In 2004, Colombo also began producing extra-fine ethanol in addition to its regular ethanol. Today, sales of ethanol represent 40 percent of the company’s business (sugar accounts for 58 percent, while energy, yeast, and other cane bi-products constitute the remaining 2 percent). The Brazilian market consumes the majority (70 percent) of Colombo’s ethanol, while 30 percent is exported (mostly to Europe).

GROWTH STRATEGIES
Last year, Colombo grew by 14 percent, earning total revenues of R$768 million (roughly US$437 million). Currently, the company possesses three facilities located in Ariranha and neighboring Palestina and Santa Albertina, whose combined constructed area exceeds 3.6 million square feet. In terms of total daily output, together they produce 3,500 tons of sugar, 106,000 cubic feet of ethanol, and 50 MW/H of electric energy. The addition of a fourth plant in the town of Santa Clara d’Oeste, coupled with expansion of pre-existing facilities, will allow Colombo to process another 1,000 tons of sugar a day by next year.

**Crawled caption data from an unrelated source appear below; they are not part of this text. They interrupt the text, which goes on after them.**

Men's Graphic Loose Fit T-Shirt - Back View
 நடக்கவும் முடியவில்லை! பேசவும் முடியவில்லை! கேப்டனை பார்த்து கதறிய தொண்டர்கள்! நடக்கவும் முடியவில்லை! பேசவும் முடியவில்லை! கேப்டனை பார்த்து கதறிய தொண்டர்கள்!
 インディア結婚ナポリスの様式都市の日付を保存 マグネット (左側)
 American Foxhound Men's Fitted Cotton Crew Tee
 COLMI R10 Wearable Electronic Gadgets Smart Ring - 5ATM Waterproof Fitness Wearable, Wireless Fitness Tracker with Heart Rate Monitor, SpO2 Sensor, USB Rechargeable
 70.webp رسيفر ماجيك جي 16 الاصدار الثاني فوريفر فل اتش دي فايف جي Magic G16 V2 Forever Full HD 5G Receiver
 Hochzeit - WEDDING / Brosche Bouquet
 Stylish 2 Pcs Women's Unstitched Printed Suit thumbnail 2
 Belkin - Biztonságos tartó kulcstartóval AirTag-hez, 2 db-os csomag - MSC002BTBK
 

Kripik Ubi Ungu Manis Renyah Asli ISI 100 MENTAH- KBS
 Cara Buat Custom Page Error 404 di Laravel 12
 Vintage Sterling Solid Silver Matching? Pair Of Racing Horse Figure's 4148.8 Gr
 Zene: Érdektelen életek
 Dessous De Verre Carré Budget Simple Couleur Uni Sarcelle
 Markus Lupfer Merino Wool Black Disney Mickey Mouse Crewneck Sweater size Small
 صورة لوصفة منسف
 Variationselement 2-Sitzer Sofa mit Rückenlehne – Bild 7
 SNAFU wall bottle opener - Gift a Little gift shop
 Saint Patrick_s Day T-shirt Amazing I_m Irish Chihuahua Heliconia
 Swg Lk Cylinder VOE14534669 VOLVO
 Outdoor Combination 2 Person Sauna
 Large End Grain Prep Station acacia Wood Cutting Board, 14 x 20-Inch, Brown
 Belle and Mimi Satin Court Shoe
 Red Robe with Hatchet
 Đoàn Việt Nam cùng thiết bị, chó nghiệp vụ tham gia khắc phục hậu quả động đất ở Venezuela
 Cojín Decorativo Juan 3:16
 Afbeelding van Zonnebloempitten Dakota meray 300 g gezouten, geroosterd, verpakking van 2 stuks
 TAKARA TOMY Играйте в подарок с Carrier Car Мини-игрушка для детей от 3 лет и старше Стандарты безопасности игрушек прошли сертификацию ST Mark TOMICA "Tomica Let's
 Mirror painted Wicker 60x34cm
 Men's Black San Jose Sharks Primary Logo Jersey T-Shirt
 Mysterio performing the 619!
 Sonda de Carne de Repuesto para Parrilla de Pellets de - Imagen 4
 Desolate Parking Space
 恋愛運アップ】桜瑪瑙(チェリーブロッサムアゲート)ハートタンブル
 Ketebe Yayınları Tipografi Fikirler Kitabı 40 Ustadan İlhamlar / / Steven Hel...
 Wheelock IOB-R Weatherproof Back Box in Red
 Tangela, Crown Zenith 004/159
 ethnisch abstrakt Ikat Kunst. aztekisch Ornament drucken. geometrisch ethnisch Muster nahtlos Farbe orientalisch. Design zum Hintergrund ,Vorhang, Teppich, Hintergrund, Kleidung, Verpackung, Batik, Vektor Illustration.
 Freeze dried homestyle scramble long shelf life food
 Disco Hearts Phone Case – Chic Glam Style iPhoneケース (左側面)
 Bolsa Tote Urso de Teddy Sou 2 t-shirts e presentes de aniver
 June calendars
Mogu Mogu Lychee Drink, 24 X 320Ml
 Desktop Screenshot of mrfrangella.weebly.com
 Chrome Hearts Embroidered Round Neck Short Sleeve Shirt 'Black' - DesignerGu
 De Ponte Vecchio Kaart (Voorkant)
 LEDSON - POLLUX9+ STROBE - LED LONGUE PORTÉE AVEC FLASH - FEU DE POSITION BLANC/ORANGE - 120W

“In terms of growth strategy, our main objective right now is to increase production and sales of sugar throughout the Brazilian market,” confesses Bertoncello. “At the moment, we’re Number 2. Our goal is to go after the market leader, União, which won’t be easy. União is the Brazilian sugar market’s equivalent of what Coca-Cola is to America’s soft drink market. They’re Brazil’s oldest brand, and they were the first to package sugar, which is why the União name itself is synonymous with sugar.”

Colombo has already scored one major coup against its rival with its success in supplying to large supermarket chains, which subsequently package the company’s sugar under their own brand names. At the moment, such sales account for 25 percent of all Colombo’s business. “We’ve done very well with this segment,” declares Bertoncello. “The three largest chains in all Brazil – Wal-Mart, Carrefour, and Pão de Açúcar – chose us to supply them over União, which represents a great advantage.” Bertoncello attributes Colombo’s winning of these contracts to the company’s having earned ISO-9001 and ISO-14001 certification and boasting an excellent logistics system featuring exceptionally fast and on-time delivery throughout Brazil. Equally important is the fact that it offered better prices.

“The fact that we are a family business allows us to run a very lean operation,” explains Bertoncello. “We’re very agile and we can also be very vigilant about costs.” Bertoncello credits family ownership for the company’s fundamental commitment to hard work, excellence, and strong relationships with both clients and its team of 4,000 employees, as well as its willingness to reinvest profits back into the expansion of the company itself, thus ensuring Colombo’s socio-economic self-sufficiency. “The principal administrators of Colombo have always been members of the Colombo family, successive generations of whom have been educated and trained to understand and operate the business from early on. Ultimately, this has been a big factor in our success so far, and it certainly bodes well for our staying power as we move into the future.”